Super Smash Bros. creator Masahiro Sakurai’s hot take about long games has sparked an interesting debate online.

On his very own YouTube channel, Masahiro Sakurai on Creating Games, the legendary developer spoke about the uniqueness of game writing.

Near the end of his video, Sakurai touched on why story and background information should wait so that players can jump right into the action at the start of a game.

He noted that, depending on the game, “The idea that ‘longer games are better’ is a thing of the past these days, so I’d say it’s best to just get to the good stuff as quickly as possible.”

Smash creator Masahiro Sakurai sparks debate about long games

Twitter user hatok argued that this hot take from Sakurai “feels really out of touch.” Yet, replies to the post suggest many gaming enthusiasts believe otherwise.

“It’s a growing sentiment (a good one too),” one person pointed out in the replies. Several other people chimed in to say they simply don’t have enough time for longer games.

Someone else added, “I think this is the majority opinion now though. I think the people preferring longer games are the niche group.”

The original poster disagreed, specifically citing the unceasing popularity of open-world games like Tears of the Kingdom.

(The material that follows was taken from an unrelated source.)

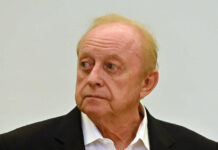 Alfons SCHUHBECK bei seinem Prozess vor Gericht in München.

As others noted, however, the Smash creator’s argument about long games doesn’t necessarily apply to the open-world genre. “Minecraft is an open-world game, but you can *beat* Minecraft in under 30 minutes.”

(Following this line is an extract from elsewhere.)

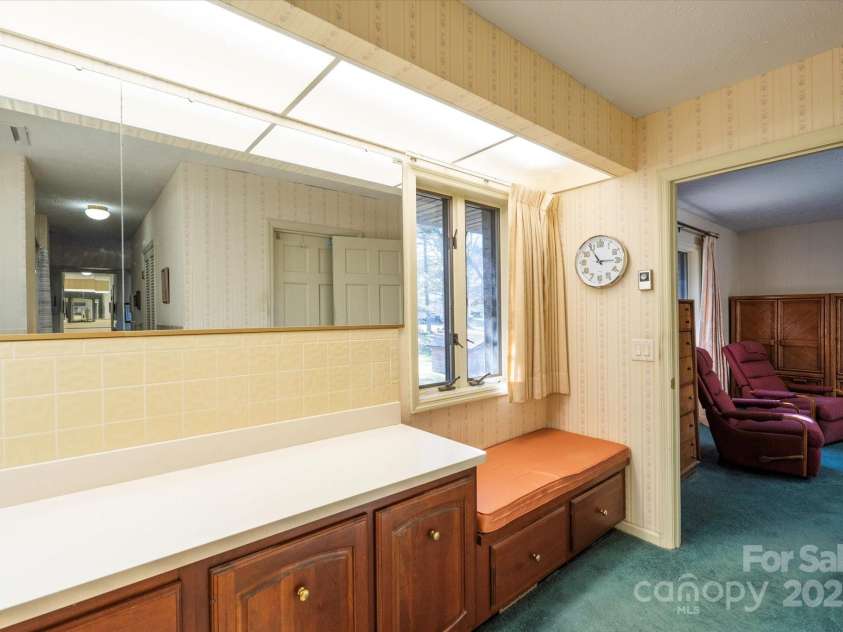 481 Kelly Lane, Pisgah Forest, NC 28768.  MLS# CAR4208992, YatesRealty ID 16121.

How many people have time to sit through a 30-minute prologue, play a tutorial, then watch yet another lengthy cutscene? Such discussion recently reared its head following the launch of Final Fantasy 16, as many players felt its cutscenes lasted far too long.

smash creator long games
Some FF16 players weren’t happy about the length of cutscenes.

The length of video games has been the topic of much debate for several years, picking up steam during the PS3 and Xbox 360 era.

As publishers used online passes and tacked-on multiplayer modes to combat the used game market, games also became far more robust. More content didn’t necessarily engender better content, though.

After all, this was the generation that birthed Ubisoft’s open-world formula, wherein sandboxes became packed with radio towers and other arbitrary tasks.

Sakurai’s comments about the storytelling and gameplay aspect of it all suggest this is one discussion that won’t soon come to an end.